▸ Problem to solve: The full listing is to be transcribed exactly, with each picture left out.

▸ Collected data:
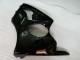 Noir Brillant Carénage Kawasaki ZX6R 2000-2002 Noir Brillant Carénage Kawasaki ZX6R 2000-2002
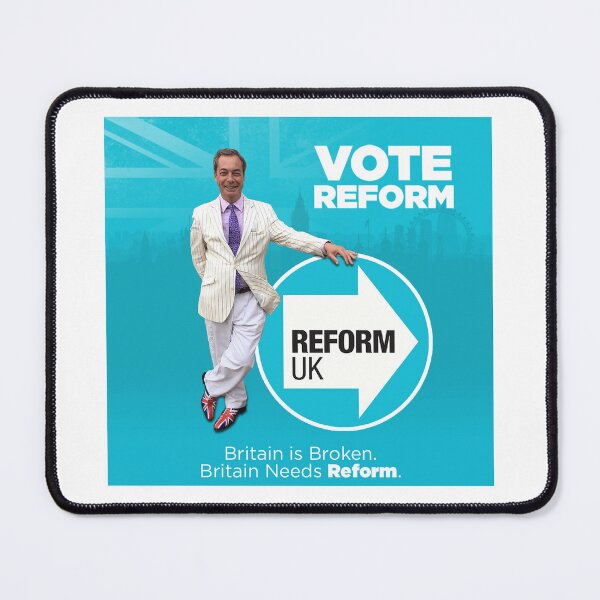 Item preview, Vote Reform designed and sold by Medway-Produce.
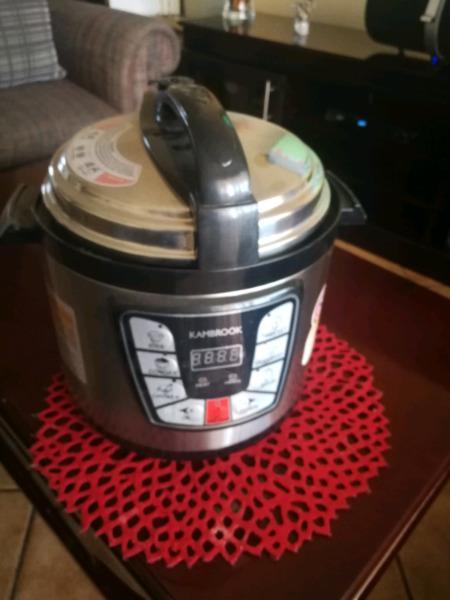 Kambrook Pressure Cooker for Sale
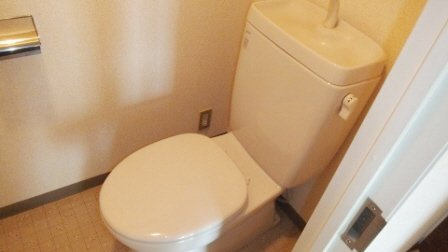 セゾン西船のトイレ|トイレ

▸ Result:
 Noir Brillant Carénage Kawasaki ZX6R 2000-2002 Noir Brillant Carénage Kawasaki ZX6R 2000-2002
 Item preview, Vote Reform designed and sold by Medway-Produce.
 Kambrook Pressure Cooker for Sale
 セゾン西船のトイレ|トイレ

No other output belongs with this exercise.